Conventional meat goes through a rigorous process before it reaches the dinner plate. This involves a complex value chain of shipping, processing, and packaging to achieve the best performance regarding texture, flavour, and nutritional value.
The same happens with our pork belly and bacon: we need to transform it so we can get the best performance out of it. The first step towards this transformation requires a matrix that can hold together muscle and fat cell material. We formulate our belly and bacon with the optimal texturisers to generate this matrix. All these texturising agents come from natural sources.

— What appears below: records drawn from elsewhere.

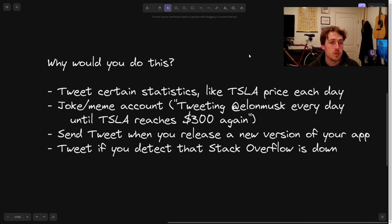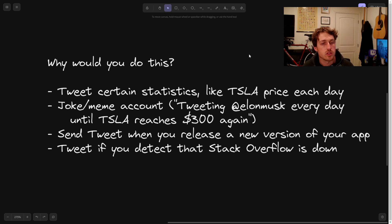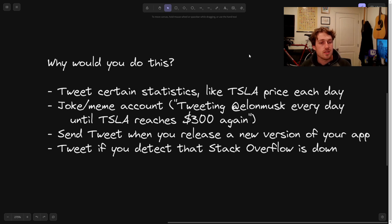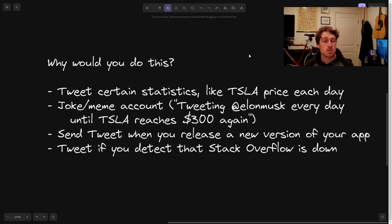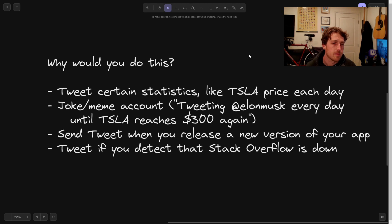So why would you do this? You can create an account that tweets certain statistics, like joke or meme accounts. If you want a more serious use case, you can send tweets when you release a new version of an app or a game, kind of like patch notes. Or you could tweet if you detect that certain services are down, like your own app service, or tweet at everyone if Stack Overflow is down.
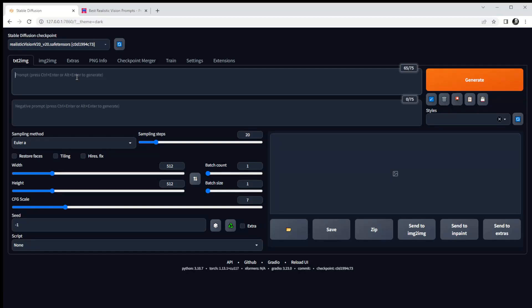Hello and welcome to my channel. Today I thought I'd take a look at Stable Diffusion AI software. I've been using it for a few weeks now — I'm by no means an expert — but I thought I'd show you what I'm doing, and if you are like me, a newbie to this, you'll hopefully find something useful.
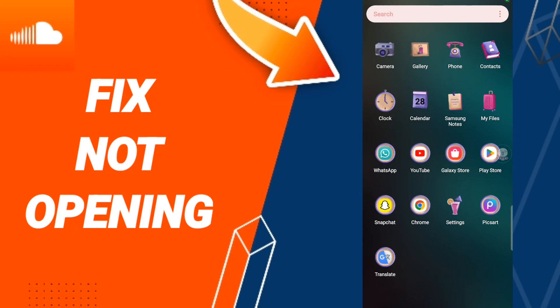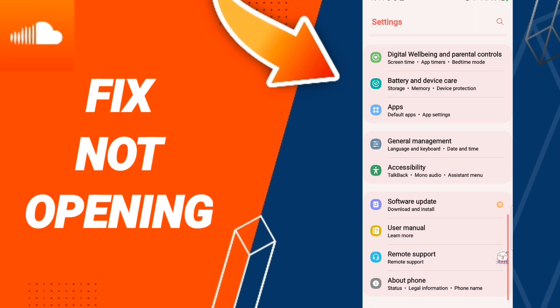Hi everyone, today we'll talk about how to fix or solve your SoundCloud app. To fix your SoundCloud app, you should click Settings. In this page, we click Apps, Default Apps, App Settings.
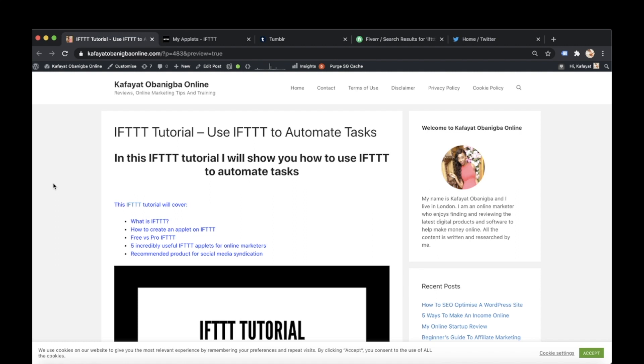Hey guys! In this quick IFTTT tutorial I'll show you how to use IFTTT to automate tasks. IFTTT stands for if this then that.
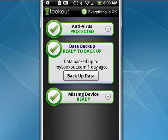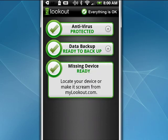And this is a really cool feature — missing device. Say you can't find your phone in the house, you can go to mylookout.com and log into your account. And even if your phone is on mute or on vibrate, Lookout can make it scream so that you can find it.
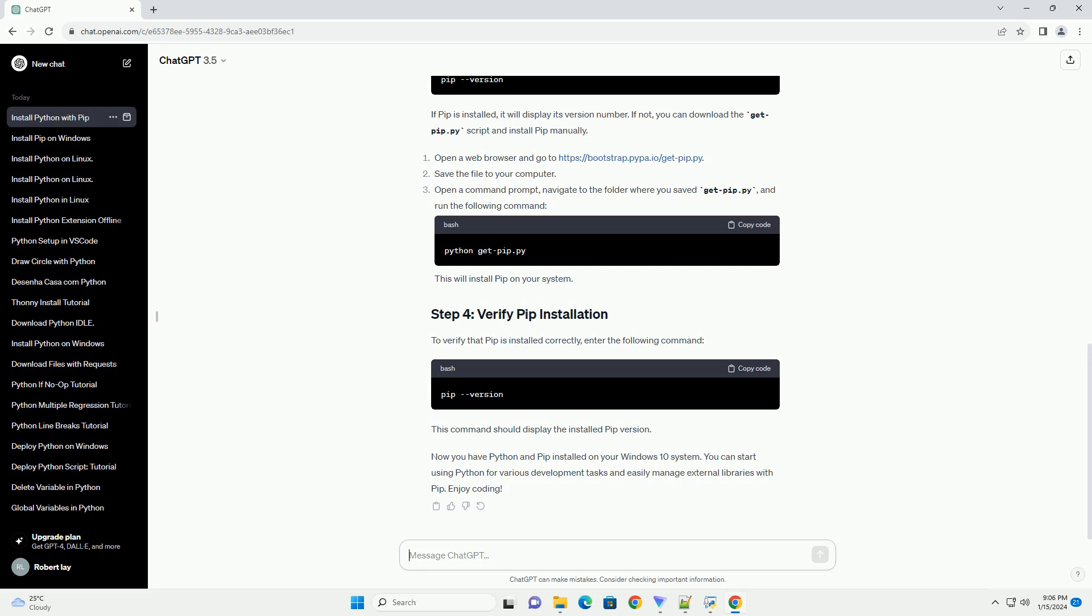To verify that PIP is installed correctly, enter the following command. This command should display the installed PIP version.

Texturisers like starches and fibres, enhance the product chew, compression, storage and cooking stability, and will add cohesiveness to the finished product. One of their most important functions is to improve the water holding capability of our cell proteins and to improve the oil-holding capability of our cell fatty acids.
Structured vegetable proteins and pulse protein isolates are also added to enhance shape and chew, as well as adding extra nutritional value, thereby helping to increase the PCDAAs (Protein Digestibility-Corrected Amino Acid Score) of our bacon and belly and match the nutritional value of conventional products.
Creating our bacon and belly also involves adding flavours, colours, salt and spices to our cell material. Flavours come from different specific culinary blends that will add aroma, juiciness, and succulence, creating an optimised sensory experience. Flavour can be added as an oil-based or water-based ingredient, depending on the desired final product output.
Once we have our ingredient matrix to add to our fat and muscle cells, we need to come up with a functional way of bringing them together. Currently there are many scalable methods which can allows us to do so. One of the most common ones is high moisture extrusion, in which we put our product through high heat and pressure to shape and compress our matrix together. This process allows us to get clear layers between fat and muscle.
Other methods we are exploring that could become scalable in the future involve 3D printing and shear cell technology. These methods have the potential to further improve the final product functionality and yield compared to traditional methods like high moisture extrusion.
Creating either conventional or Uncommon pork belly and bacon, involves a series of complex processing steps. We take care and pride in our whole process, from harvesting our cells and choosing our formulating ingredients to processing and storing our products to get them to your plate.
“The true scientist is quite imaginative as well as rational, and sometimes leaps to solutions where reason can follow only slowly.”